(Work request):
Copy out the line that contains "Nicolás Maduro (segundo" and the lines after it through the final one in the entries below, exactly, with no other lines.

(Data for this task):
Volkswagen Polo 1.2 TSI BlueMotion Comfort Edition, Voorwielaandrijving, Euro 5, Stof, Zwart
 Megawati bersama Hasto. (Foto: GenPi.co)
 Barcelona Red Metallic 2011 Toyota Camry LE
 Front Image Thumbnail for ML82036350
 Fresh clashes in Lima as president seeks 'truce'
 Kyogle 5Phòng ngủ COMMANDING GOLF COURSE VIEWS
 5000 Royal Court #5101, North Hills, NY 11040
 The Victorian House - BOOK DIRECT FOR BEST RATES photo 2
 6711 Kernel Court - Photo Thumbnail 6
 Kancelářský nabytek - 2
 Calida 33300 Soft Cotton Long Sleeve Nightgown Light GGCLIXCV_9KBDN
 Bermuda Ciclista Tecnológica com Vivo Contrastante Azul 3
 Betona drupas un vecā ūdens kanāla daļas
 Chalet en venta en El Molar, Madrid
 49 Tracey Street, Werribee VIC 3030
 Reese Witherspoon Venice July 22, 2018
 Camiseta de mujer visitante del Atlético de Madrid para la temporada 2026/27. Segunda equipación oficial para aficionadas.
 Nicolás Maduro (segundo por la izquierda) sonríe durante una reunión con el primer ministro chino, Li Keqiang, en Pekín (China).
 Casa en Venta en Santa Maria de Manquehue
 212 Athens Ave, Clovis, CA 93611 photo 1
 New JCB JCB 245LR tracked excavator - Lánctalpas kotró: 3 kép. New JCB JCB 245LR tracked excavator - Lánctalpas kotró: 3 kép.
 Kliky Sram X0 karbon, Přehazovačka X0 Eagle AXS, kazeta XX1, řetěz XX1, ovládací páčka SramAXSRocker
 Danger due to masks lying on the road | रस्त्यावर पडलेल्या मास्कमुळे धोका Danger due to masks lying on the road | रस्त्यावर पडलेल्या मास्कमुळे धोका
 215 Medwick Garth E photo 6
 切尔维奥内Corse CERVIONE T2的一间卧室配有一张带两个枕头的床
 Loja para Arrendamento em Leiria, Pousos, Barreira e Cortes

(Problem solution):
 Nicolás Maduro (segundo por la izquierda) sonríe durante una reunión con el primer ministro chino, Li Keqiang, en Pekín (China).
 Casa en Venta en Santa Maria de Manquehue
 212 Athens Ave, Clovis, CA 93611 photo 1
 New JCB JCB 245LR tracked excavator - Lánctalpas kotró: 3 kép. New JCB JCB 245LR tracked excavator - Lánctalpas kotró: 3 kép.
 Kliky Sram X0 karbon, Přehazovačka X0 Eagle AXS, kazeta XX1, řetěz XX1, ovládací páčka SramAXSRocker
 Danger due to masks lying on the road | रस्त्यावर पडलेल्या मास्कमुळे धोका Danger due to masks lying on the road | रस्त्यावर पडलेल्या मास्कमुळे धोका
 215 Medwick Garth E photo 6
 切尔维奥内Corse CERVIONE T2的一间卧室配有一张带两个枕头的床
 Loja para Arrendamento em Leiria, Pousos, Barreira e Cortes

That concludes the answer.